- INFORMATION -
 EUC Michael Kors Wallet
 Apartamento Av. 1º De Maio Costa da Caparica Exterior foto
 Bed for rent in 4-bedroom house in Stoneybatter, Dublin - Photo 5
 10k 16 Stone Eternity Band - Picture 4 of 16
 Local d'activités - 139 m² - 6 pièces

...

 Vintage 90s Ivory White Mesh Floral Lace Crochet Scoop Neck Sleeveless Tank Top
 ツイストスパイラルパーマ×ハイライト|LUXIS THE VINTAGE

- TASK BRIEF -
Would you print exactly and only the lines of the material above that run from the line with "10k 16 Stone Eternity Band - Picture 4 of 16" through the line with "Local d'activités - 139 m² - 6 pièces", both included?

- ANSWER -
 10k 16 Stone Eternity Band - Picture 4 of 16
 Local d'activités - 139 m² - 6 pièces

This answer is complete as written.